AutoCatBoostMultiClass is an automated modeling function that runs a variety of steps. First, a stratified sampling (by the target variable) is done to create train and validation sets. Then, the function will run a random grid tune over N number of models and find which model is the best (a default model is always included in that set). Once the model is identified and built, several other outputs are generated: validation data with predictions, evaluation metrics, variable importance, and column names used in model fitting. You can download the catboost package using devtools, via: devtools::install_github('catboost/catboost', subdir = 'catboost/R-package').

AutoXGBoostMultiClass() GPU + CPU

AutoXGBoostMultiClass is an automated XGBoost modeling framework with grid-tuning and model evaluation that runs a variety of steps. First, a stratified sampling (by the target variable) is done to create train and validation sets. Then, the function will run a random grid tune over N number of models and find which model is the best (a default model is always included in that set). Once the model is identified and built, several other outputs are generated: validation data with predictions, evaluation metrics, variable importance, and column names used in model fitting.

AutoH2oGBMMultiClass()

AutoH2oGBMMultiClass is an automated H2O modeling framework with grid-tuning and model evaluation that runs a variety of steps. First, a stratified sampling (by the target variable) is done to create train and validation sets. Then, the function will run a random grid tune over N number of models and find which model is the best (a default model is always included in that set). Once the model is identified and built, several other outputs are generated: validation data with predictions, evaluation metrics, confusion matrix, and variable importance.

AutoH2oDRFMultiClass()

AutoH2oDRFMultiClass is an automated H2O modeling framework with grid-tuning and model evaluation that runs a variety of steps.
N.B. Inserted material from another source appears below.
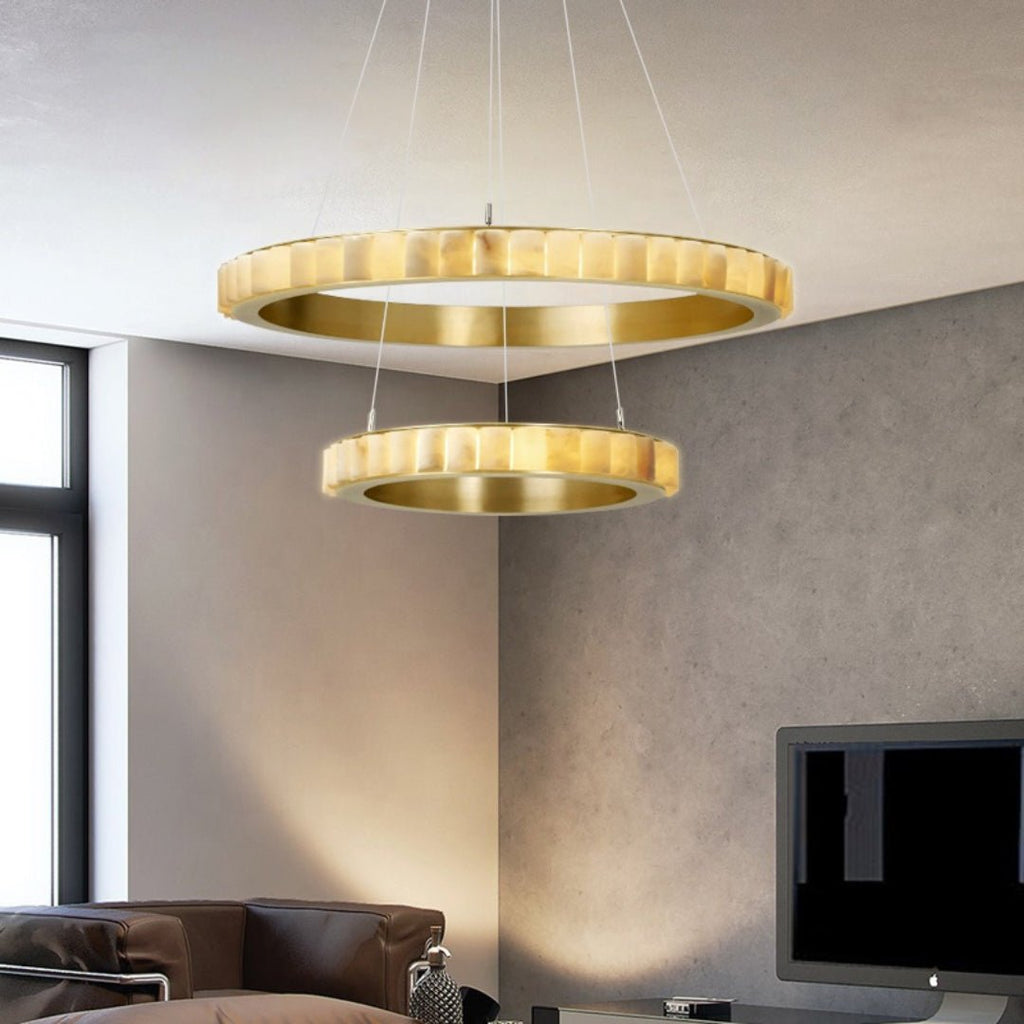 Orion Double Ring Alabaster Chandelier | Fioriscas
First, a stratified sampling (by the target variable) is done to create train and validation sets. Then, the function will run a random grid tune over N number of models and find which model is the best (a default model is always included in that set). Once the model is identified and built, several other outputs are generated: validation data with predictions, evaluation metrics, confusion matrix, and variable importance.

AutoCatBoostScoring()

AutoCatBoostScoring is an automated scoring function that compliments the AutoCatBoost model training functions. This function requires you to supply features for scoring. It will run ModelDataPrep() to prepare your features for catboost data conversion and scoring.

AutoXGBoostScoring()

AutoXGBoostScoring is an automated scoring function that compliments the AutoCatBoost model training functions. This function requires you to supply features for scoring. It will run ModelDataPrep() and the DummifyDT() function to prepare your features for xgboost data conversion and scoring.

AutoH2oScoring()

General Purpose H2O Automated Modeling:

AutoH2OModeler()

Automated machine learning. Automatically build any number of models along with generating partial dependence calibration plots, model evaluation calibration plots, grid tuning, and file storage for easy production implementation. Handles regression, quantile regression, time until event, and classification models (binary and multinomial) using numeric and factor variables without the need for monotonic transformations nor one-hot-encoding.

  • Models include:
    • RandomForest (DRF)
    • GBM
    • Deeplearning
    • XGBoost (for Linux)
    • LightGBM (for Linux)
    • AutoML - medium debth grid tuning for Deeplearning, XGBoost (if available), DRF, GBM, GLM, and StackedEnsembles

Model Scoring:

AutoH2OScoring()

Scoring models that were built with the AutoH2OModeler, AutoKMeans, and AutoWord2VecModeler functions. Scores models either via mojo or the standard method by loading models into the H2O environment and scoring them. You can choose which output you wish to keep as well.

Time Series Modeling:

AutoTS()

Automated time series modeling function. Automatically finds the most accurate time series model from the list of models below (using optimized Box-Cox transformations and tests both user-supplied time series frequency and model-based time series frequency). The best model is chosen by looking at the lowest out-of-sample error, and the output from AutoTS() includes forecasts, model evaluation metrics, and metadata on the competing models.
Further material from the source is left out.